In all these periods, LADE used to mobilize number of Lebanese volunteering, including a few of the non-residents, but the large majority of the volunteers are resident Lebanese most of them had little to no experience traveling or living abroad.
However, LADE used the exchange programs with many of its partners in order to compile experiences and to improve the performance, many of LADEs members participated in observation teams abroad thanks to these programs. This helped in elaborating and developing new methodologies and efficient strategies.
DL: Could you talk a little about youth involvement in politics in general? Is there a lot of youth activism? Do you see a change in involvement in this generation compared to the last? Do youth volunteer for particular party campaigns, or is activism more along the lines of reform in general?
LADE: Youth play a major role among civil society organizations, including campaigns that Lebanon witnessed recently. This reflects a clear evolution in the work of CSOs in different cases and shows the readiness of the youth.

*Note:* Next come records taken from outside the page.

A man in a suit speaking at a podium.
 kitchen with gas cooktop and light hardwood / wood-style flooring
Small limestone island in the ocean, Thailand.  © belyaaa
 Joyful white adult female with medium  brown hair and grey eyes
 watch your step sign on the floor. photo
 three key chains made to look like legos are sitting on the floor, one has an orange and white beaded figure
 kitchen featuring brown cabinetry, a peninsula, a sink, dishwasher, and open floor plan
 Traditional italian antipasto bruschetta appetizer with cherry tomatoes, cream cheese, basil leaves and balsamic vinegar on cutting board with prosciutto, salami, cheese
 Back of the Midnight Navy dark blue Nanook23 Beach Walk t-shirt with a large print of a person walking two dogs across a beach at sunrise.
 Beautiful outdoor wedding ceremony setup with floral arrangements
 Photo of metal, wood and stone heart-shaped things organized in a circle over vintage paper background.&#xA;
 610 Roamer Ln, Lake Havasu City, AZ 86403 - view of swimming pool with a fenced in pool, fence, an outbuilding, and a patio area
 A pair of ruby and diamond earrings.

It is worth noting that young peoples’ concerns were not in a single campaign but one should mention that attention was with greater response to the campaign for electoral reforms. This emerged clearly in the “Civil Campaign for Electoral Reforms” (CCER), which is a campaign launched by LADE and many other CSOs to meet the reform efforts of the Lebanese government in 2006. Lowering the voting age was one of the main principles adopted by CCER. Although this reform did not pass in the current law, the process that needs a constitutional amendment has started and will be most probably implemented during the next municipal elections in 2010.
Young people are involved in other campaigns such the campaign for a new citizenship law, the campaign for a new civil code in Lebanon, beside many others.
DL: What lessons did you learn from the 2009 election observation experience? Is there anything that LADE will do differently next time around?
LADE: Many lessons LADE learned from this experience, since a new methodology was implemented for the first time according to the new reforms included in the law:
- It was the first time that LADE monitored the elections in one day in all the country; this means that the deployment strategy should take into consideration the ability to cover all the district in one day.
- Then it was the first time that LADE monitored the elections with an explicit recognition of its role in the law (according to the article 20). This led to the elaboration of a different strategy for coordination with the governmental and public organizers, the voters and candidates.
- It was the first time the law includes ceiling for campaign spending and norms for media and advertising; consequently LADE monitored the campaigns led by the candidates starting two months prior to the E-day.
According to all the above mentioned, LADE learned a lot from this experience and will take into consideration a lot of the lessons learned and success stories. A comprehensive evaluation process is undergoing and a lot of recommendations should be adopted in order to improve the performance of the association.
Safadi Foundation USA thanks Mr. Abdelsamad for answering our questions and congratulates LADE for a job well done.